SEKTOR transportasi menjadi kambing hitam dalam peningkatan polusi di Jakarta. Sektor ini setidaknya menyumbang 40 persen total sumber pencemaran udara yang terjadi.
Tren mobilitas DKI Jakarta juga dapat dilihat pada jam-jam tertentu. Artinya masyarakat yang tinggal di sekitar Bodetabek (Bogor, Depok, Tangerang, dan Bekasi) akan bermobilisasi menuju dan keluar DKI Jakarta.
Badan Pusat Statistik mencatat ada lebih dari 26 juta kendaraan yang berlalu lalang di wilayah Provinsi DKI Jakarta. Dari data tersebut, transportasi Jakarta didominasi kendaraan pribadi seperti mobil dan motor.
Lebih jauh, pertumbuhan kendaraan di wilayah Jakarta juga cukup tinggi. Setidaknya ada 4-5 persen peningkatan jumlah kendaraan pribadi setiap tahunnya.

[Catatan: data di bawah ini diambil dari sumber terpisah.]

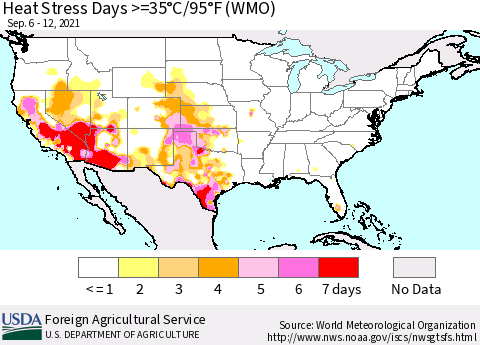 United States Heat Stress Days >=35°C/95°F (WMO) Thematic Map For 9/6/2021 - 9/12/2021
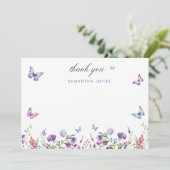 モダンな蝶のウェルカムサイン 結婚前のお祝い サンキューカード (スタンド正面)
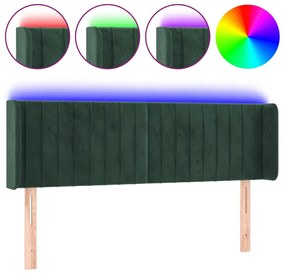 sötétzöld bársony LED-es fejtámla 147 x 16 x 78/88 cm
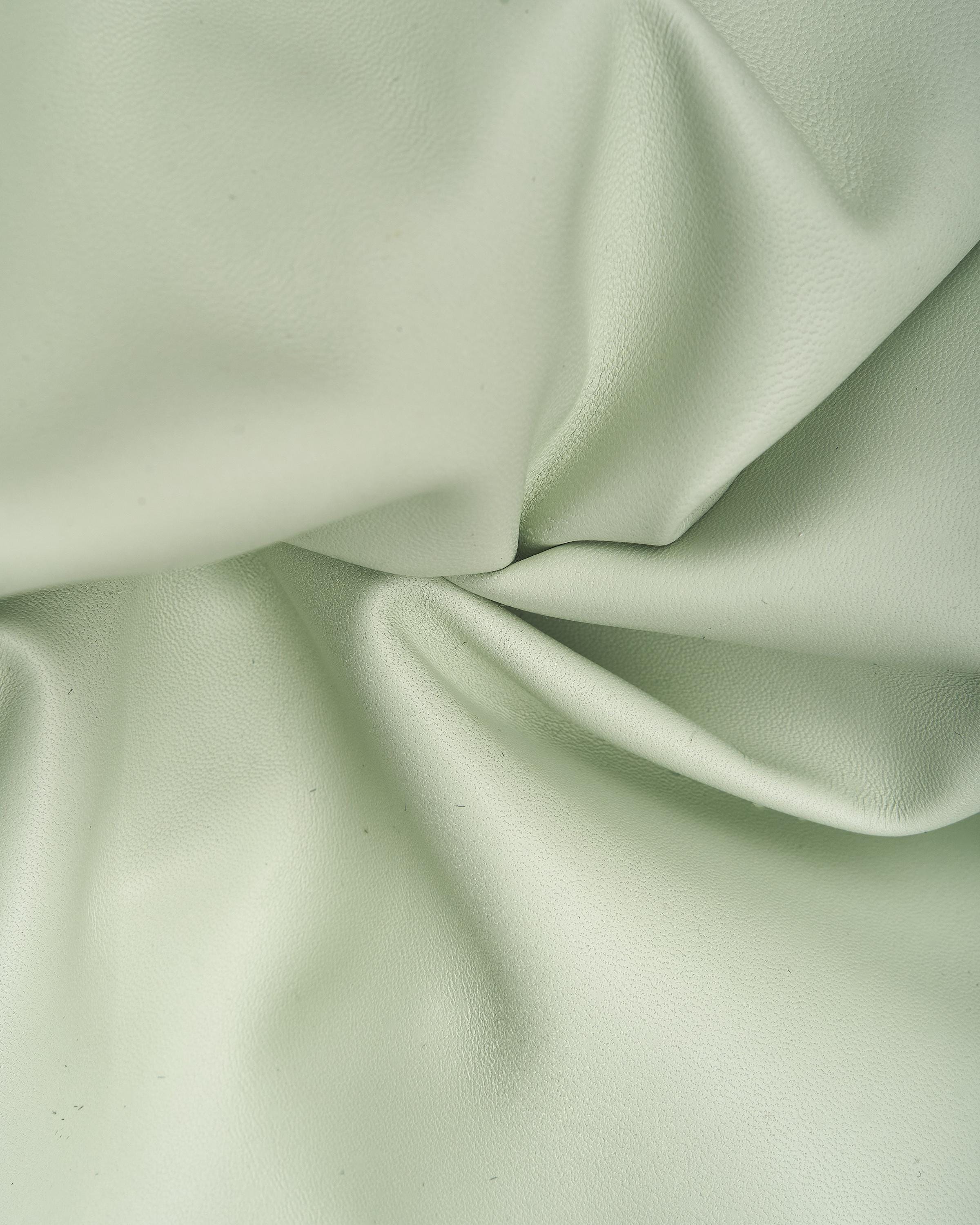 Very soft Nappa lambskin leather, smooth thin supple sheepskins, green hides for garments and diy creations B17602-TU La Garzarara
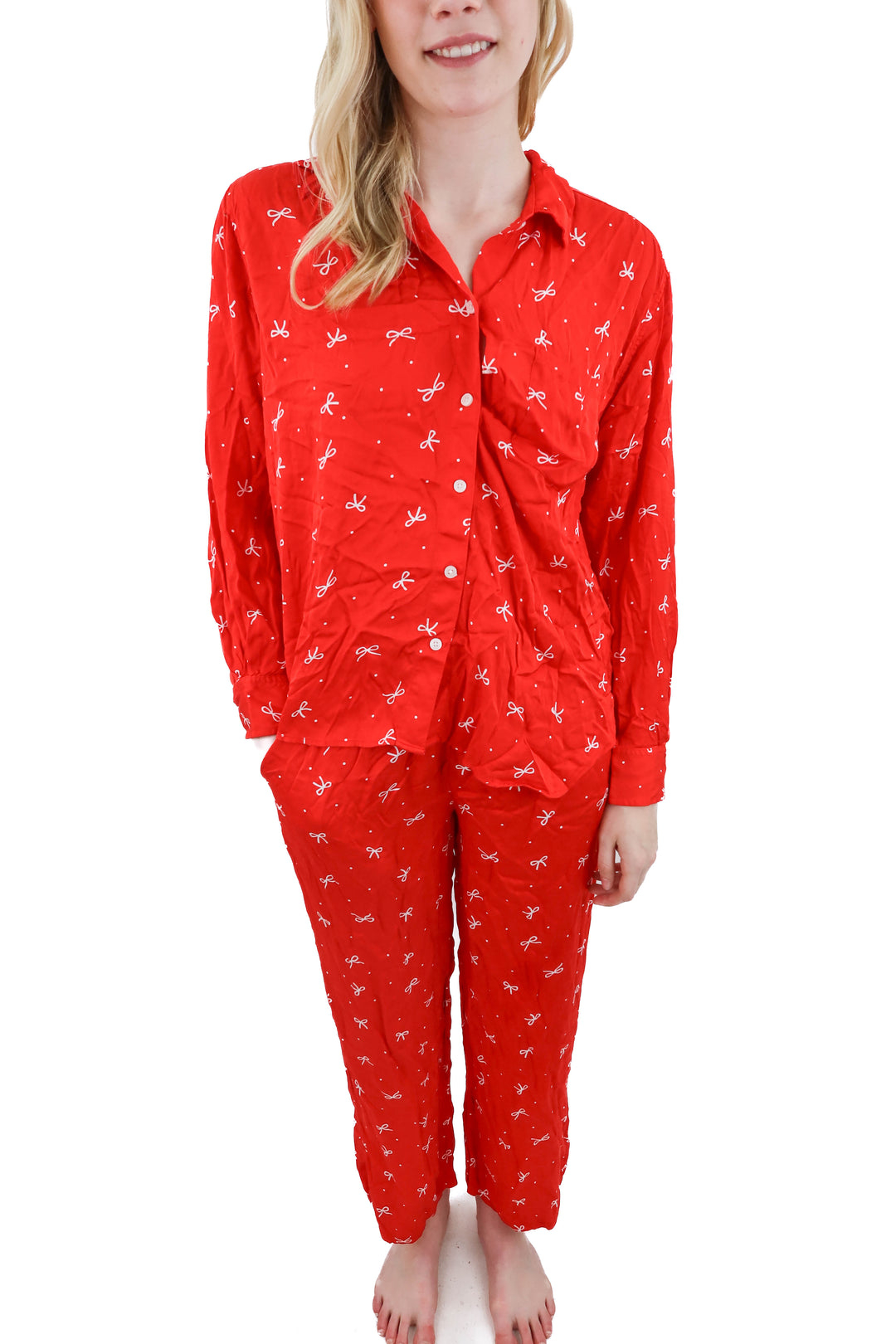 aerie red bow pajamas (XS)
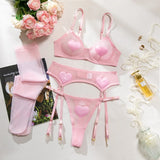 Toucheart Sexy Lingerie Undies Solid Color Mesh See-through Women's Garters Underwear Suit Sexy Stocking Underwear 5-piece Set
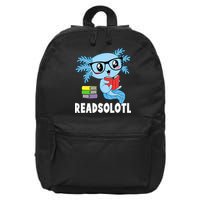 Readsolotl Read Book Funny Kawaii Blue Axolotl Reading Books 16 in Basic Backpack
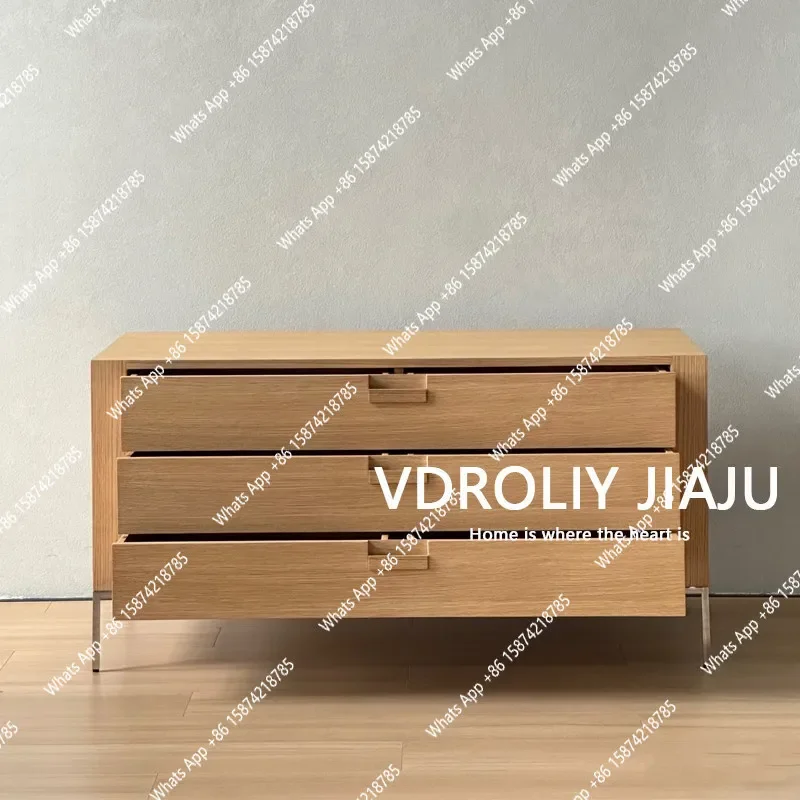 

V64 Средневековый деревянный комод в стиле лог-хаус, современный простой шкаф для хранения в спальне, настенный шкаф для чая с тремя отделениями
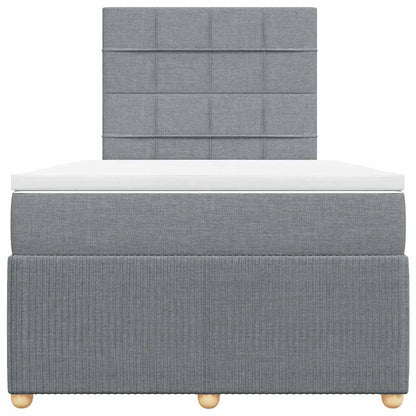 Boxspringbett mit Matratze Hellgrau 120x190 cm Stoff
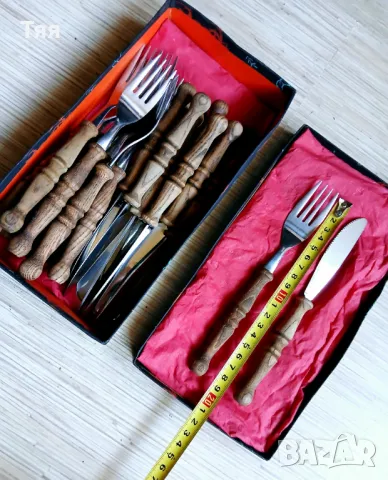 Прибори за хранене с дървени дръжки , снимка 3 - Прибори за хранене, готвене и сервиране - 47989786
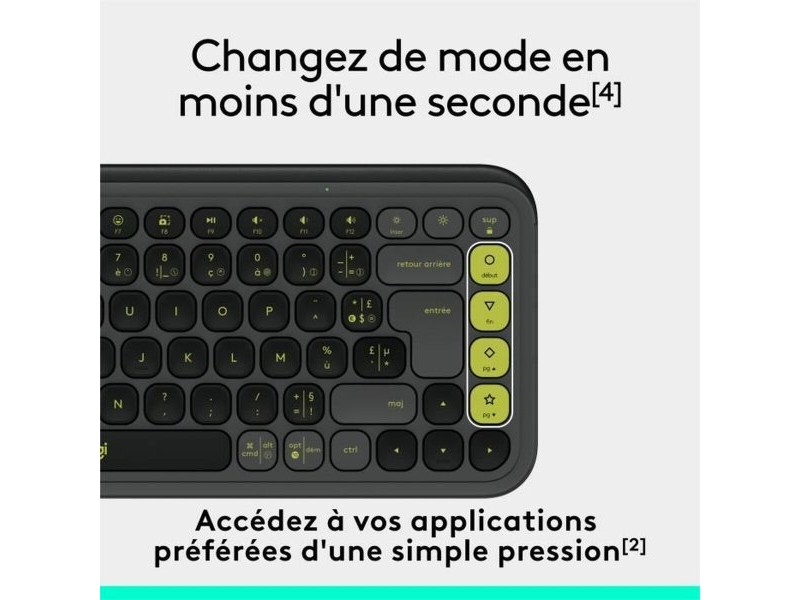 Безжична клавиатура Logitech Pop Icon Keys Тъмно сив AZERTY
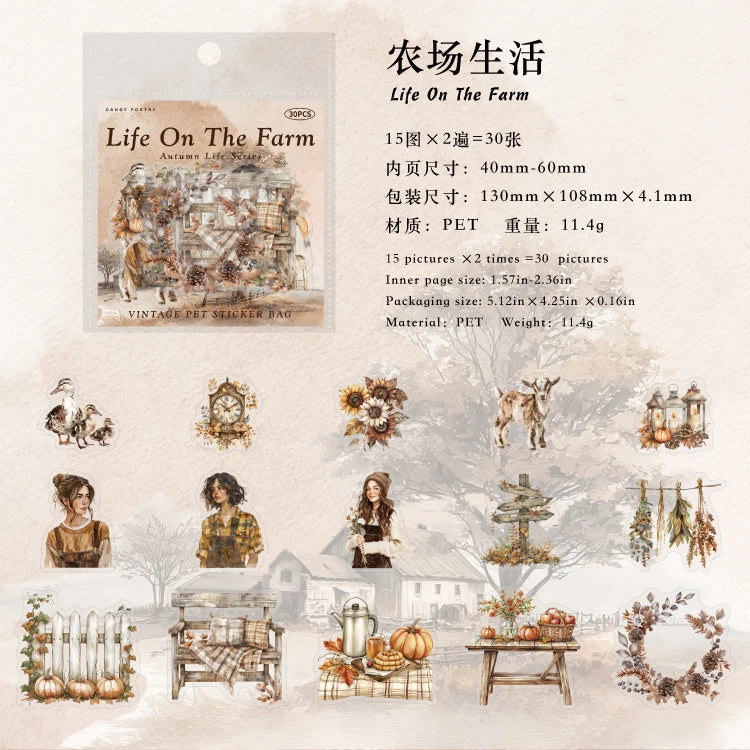 30 hojas de pegatinas de vida otoñal, Material decorativo creativo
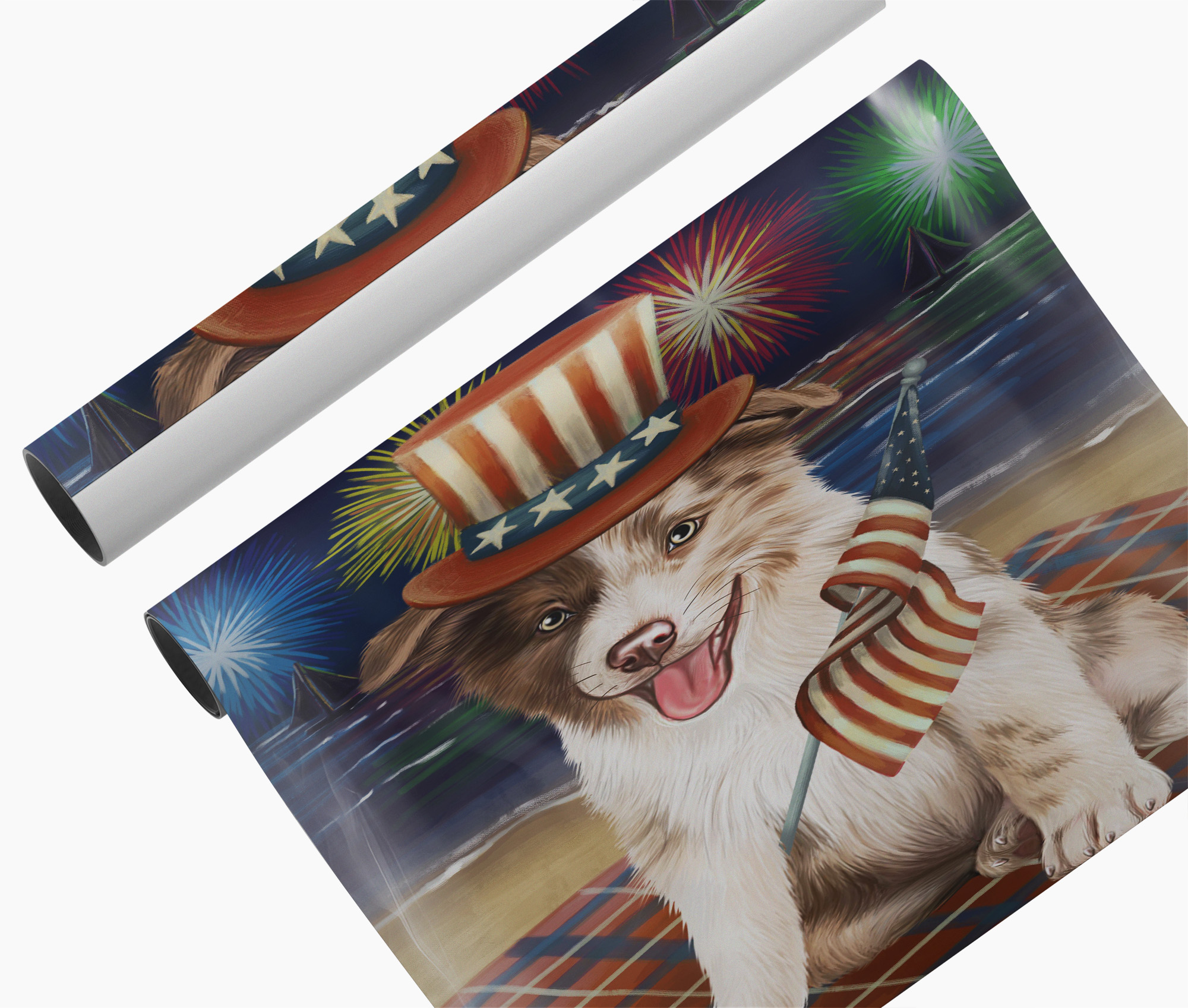 4th of July Fireworks Border Collie Canvas Wall Art Décor Gift for Dog Lovers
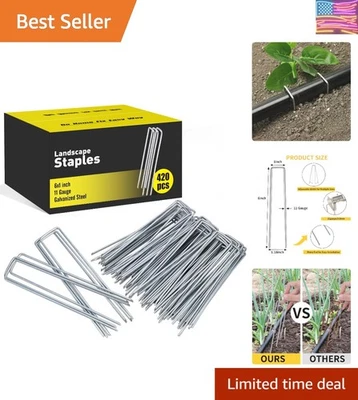 Estacas galvanizadas de 6 pulgadas de alta resistencia 420 piezas para tela segura de suelo y paisaje Foto 1 de 4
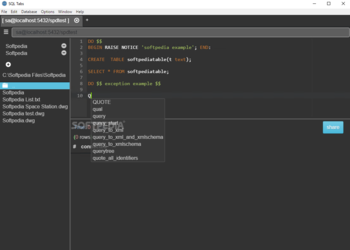SQL Tabs screenshot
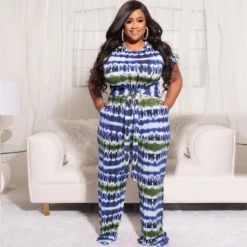 Plus Size Women Printed Top And Pant Casual Two-Piece Set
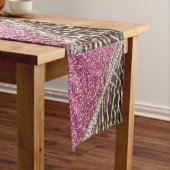 Chic Girly Leopard Print Pink Glitzer Kurzer Tischläufer (Beispiel)
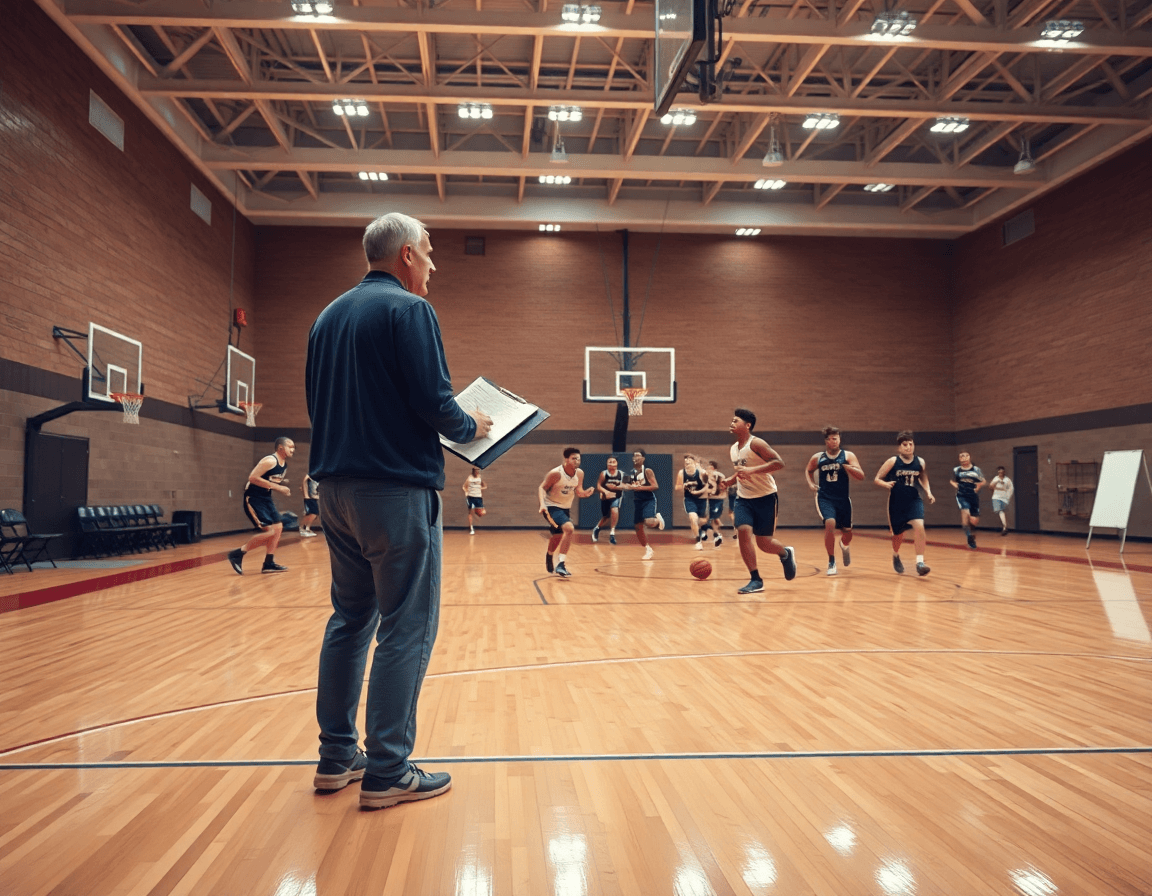 Vue generale de l entrainement basket jeu rapide ou le coach dirige l equipe sur le parquet.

Pertumbuhan kendaraan pribadi di sektor ini juga berimbas pada peningkatan angka kemacetan di Jakarta.
Menurut data Polda Metro Jaya pada 2022, tingkat kemacetan di DKI Jakarta pada rush hour bisa mencapai 54 persen. Hal ini juga didukung oleh index yang dikeluarkan oleh Tom Tom Traffic yang menempatkan Jakarta sebagai peringkat ke 19 kota dengan kemacetan tertinggi di dunia.
Permasalahan polusi dan kemacetan bukan hal baru di Jakarta. Mobilitas tinggi masyarakat di wilayah Jakarta dipicu statusnya sebagai kota metropolitan dan pusat perekenomian.
Namun, kontribusi sektor transportasi terhadap pencemaran udara tidak dapat dilihat secara sempit. Artinya mobilitas kendaraan perlu ditelisik dari hulu ke hilir.
Salah satu solusi yang ditawarkan pemerintah untuk menyelesaikan permasalahan ini adalah work from home dan elektrifikasi kendaraan bermotor.
Solusi pertama sudah dilakukan oleh Pemerintah Provinsi DKI Jakarta, dengan skema 50 persen ASN bekerja secara hybrid.
Di sisi lain, elektrifikasi kendaraan dipercaya dapat mengurangi produksi gas rumah kaca yang sebelumnya berasal dari bahan bakar fosil.
Di sektor transportasi, kebijakan-kebijakan pembangunan moda transportasi seperti Transjakarta, Mass Rapid Transit (MRT) maupun Lintas Rel Terpadu telah dilakukan.
Keberadaan transportasi publik dirasa menjadi solusi jangka panjang untuk mengurangi jumlah kendaraan pribadi di DKI Jakarta.
Meskipun demikian, keberadaan transportasi publik saat ini belum banyak mengubah perilaku masyarakat untuk berpindah dari kendaraan pribadi menuju transportasi publik.
Penyebabnya adalah konektivitas dan aksesibilitas transportasi publik yang belum optimal. Aksesibilitas menjadi salah satu indikator kualitas transportasi publik bersama dengan indikator lain seperti keterjangkauan, kenyamanan dan frekuensi perjalanan.